At the Churchill School in New York City, Nikki Tippins’ students picked out bottles of Gatorade and bags of M&Ms from the school vending machine. Pepsi is a publicly-held company, she explained to them back in class, and Mars a private one.

The afternoon snack and mini-finance lesson was part of an elective Tippins launched in 2024 at the K-12 school for students with language-based learning disabilities like dyslexia. In a given day in her “Introduction to Financial Markets” course, Tippins finds relatable ways to teach high schoolers about how financial markets function, the benefits of long-term investing, and even about derivatives and what shorting means.

“I’m trying to help the students become more financially literate,” she says. “Financial literacy is critical for everyone, but talking to students about it in their teenage years really sets them up. It’s been fun teaching finance in a way teens can relate to.”

Having joined Churchill in November 2023, Tippins teaches 10th grade math in what’s become a successful, major career pivot at age 52. Before that, she spent what she calls an unexpected twenty-eight years working on Wall Street. Fourteen of those were at J.P. Morgan, where she was last a managing director in structured derivatives.
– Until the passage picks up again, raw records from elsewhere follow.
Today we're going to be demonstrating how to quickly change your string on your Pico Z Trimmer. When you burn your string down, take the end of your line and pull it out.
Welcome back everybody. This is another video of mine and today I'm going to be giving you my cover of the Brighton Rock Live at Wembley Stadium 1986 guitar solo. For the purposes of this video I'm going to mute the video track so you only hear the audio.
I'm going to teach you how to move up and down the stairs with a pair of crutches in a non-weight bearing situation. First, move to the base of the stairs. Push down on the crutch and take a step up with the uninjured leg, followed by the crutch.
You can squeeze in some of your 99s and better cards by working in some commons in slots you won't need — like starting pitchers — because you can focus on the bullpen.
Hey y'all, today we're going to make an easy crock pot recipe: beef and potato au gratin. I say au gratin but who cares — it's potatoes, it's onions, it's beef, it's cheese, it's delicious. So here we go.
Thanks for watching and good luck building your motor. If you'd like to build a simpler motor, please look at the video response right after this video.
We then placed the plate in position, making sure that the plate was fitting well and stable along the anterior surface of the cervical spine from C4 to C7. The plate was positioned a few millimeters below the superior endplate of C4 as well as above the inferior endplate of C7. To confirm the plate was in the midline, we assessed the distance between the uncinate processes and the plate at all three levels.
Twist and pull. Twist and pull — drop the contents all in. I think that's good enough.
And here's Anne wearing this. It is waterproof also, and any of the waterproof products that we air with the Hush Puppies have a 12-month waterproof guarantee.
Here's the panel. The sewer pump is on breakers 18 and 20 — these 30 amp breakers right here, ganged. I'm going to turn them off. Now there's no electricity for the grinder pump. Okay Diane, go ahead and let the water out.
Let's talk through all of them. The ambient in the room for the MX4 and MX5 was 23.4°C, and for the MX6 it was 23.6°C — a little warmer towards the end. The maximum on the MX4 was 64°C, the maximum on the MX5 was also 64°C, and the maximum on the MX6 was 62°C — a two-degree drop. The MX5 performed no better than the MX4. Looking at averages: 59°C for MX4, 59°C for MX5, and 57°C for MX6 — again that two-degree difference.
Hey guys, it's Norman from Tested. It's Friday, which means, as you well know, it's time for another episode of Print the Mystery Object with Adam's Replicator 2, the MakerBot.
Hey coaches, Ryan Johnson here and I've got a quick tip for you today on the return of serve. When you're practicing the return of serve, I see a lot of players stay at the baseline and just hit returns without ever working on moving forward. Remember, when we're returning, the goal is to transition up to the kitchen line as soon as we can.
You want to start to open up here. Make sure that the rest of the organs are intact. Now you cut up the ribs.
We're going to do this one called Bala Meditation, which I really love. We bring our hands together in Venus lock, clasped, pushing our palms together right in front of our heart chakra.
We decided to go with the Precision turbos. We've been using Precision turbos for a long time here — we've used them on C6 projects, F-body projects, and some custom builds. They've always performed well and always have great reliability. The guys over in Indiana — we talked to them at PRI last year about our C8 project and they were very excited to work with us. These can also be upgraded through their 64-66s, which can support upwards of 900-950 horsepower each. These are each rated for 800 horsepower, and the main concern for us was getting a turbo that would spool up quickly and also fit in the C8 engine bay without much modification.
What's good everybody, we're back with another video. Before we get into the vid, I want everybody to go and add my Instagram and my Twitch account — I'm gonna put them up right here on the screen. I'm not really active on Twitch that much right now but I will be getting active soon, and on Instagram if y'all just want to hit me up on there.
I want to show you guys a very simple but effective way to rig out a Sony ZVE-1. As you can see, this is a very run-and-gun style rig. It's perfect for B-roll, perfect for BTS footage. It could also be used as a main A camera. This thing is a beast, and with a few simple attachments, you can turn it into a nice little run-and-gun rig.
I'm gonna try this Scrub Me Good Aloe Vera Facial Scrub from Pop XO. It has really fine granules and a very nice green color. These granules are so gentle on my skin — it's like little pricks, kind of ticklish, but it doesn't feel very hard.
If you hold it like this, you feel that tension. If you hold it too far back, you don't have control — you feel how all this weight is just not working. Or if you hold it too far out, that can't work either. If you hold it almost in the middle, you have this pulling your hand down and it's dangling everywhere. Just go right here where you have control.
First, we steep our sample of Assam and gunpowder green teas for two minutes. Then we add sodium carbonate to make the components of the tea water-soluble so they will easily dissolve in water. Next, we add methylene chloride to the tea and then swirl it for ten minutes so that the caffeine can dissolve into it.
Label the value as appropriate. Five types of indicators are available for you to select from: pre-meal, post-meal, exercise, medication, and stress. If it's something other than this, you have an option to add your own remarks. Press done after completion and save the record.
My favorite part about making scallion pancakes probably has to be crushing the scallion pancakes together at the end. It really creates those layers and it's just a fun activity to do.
The power of individualized learning

A growing urge to teach, and two middle school children rapidly growing up, was the push that the lifelong math enthusiast needed to take the plunge into education. The Churchill School was a great fit since Tippins has seen with her own kids how individualized learning can be transformative for students with learning differences.

At J.P. Morgan and later Morgan Stanley, Tippins participated in groups that celebrated diversity, including neurodiversity. She felt ready to take on teaching partly due to the confidence she gained at J.P. Morgan from taking on stretch assignments throughout her career.

“Teaching is hard work,” she says. But near-daily light-bulb moments with her students make it all worth it. “They do something magical or inspirational, or someone learns something or has that aha moment. It’s so fulfilling.”

Tippins is also pursuing her master’s in adolescent math, adding to the bachelor’s in mathematics she earned from Cambridge University, where she participated in a program offering math tutoring for underserved teens. She credits this program for opening her eyes to the impact that teaching can have on someone’s life. Her efforts helped those students pass exams, setting them on a completely different life path.

Innovating in derivatives

Tippins continued on her math track after graduation and joined Deloitte, where she earned her accountancy qualification. Soon after in the early 1990s, a twenty-something Tippins accepted a product control job at J.P. Morgan in London at a time when derivatives were taking off.

“I was not one of these people for whom finance was my dream,” she says. “I never thought I’d be in finance for so long.” But, “derivatives were exciting and interesting and I was sort of a math nerd,” she says. She built relationships, and 18 months later switched into a role that involved innovating and creating new products. “It was a really fun, interesting, creative place to be, and it meant that I could do maths all day long, which is what I loved.”

Her work took her around the world, from Asia to the U.S. Ultimately, she moved to New York City, in part to fulfill a dream of working abroad. At the firm, Tippins consistently took on tasks outside her comfort zone and had supportive mentors. “I always put my hand up, and said, ‘I’m up for it!’” she says. “The firm was really good at giving opportunities to those who wanted them.”

J.P. Morgan taught her professional and life skills, instilling in her a strong sense of integrity that she’s carried with her to the world of teaching. She’s eager to bring her real-world experience to students because “the best teachers I had myself were those in industry and business, and they brought that into the classroom,” she says.

A camper van and a drum set

Outside of work and school, Tippins enjoys traveling—when she turned 50, she and her family rented a camper van and visited the remaining three U.S. states she had yet to see. “The goal was 50 by 50!”

That same year, she also bought herself an electric drum set. “I decided, if teaching doesn’t work out, I’d become a drummer for a rock band,” she says, tongue-in-cheek.

Tippins still keeps up with former J.P. Morgan colleagues in New York and abroad, and she continues to feel thankful for her formative years at the firm.

 “Anyone who leaves J.P. Morgan, a piece of their heart is still there,” she says. “I feel incredibly lucky for the career that I had, and incredibly lucky for this career switch.”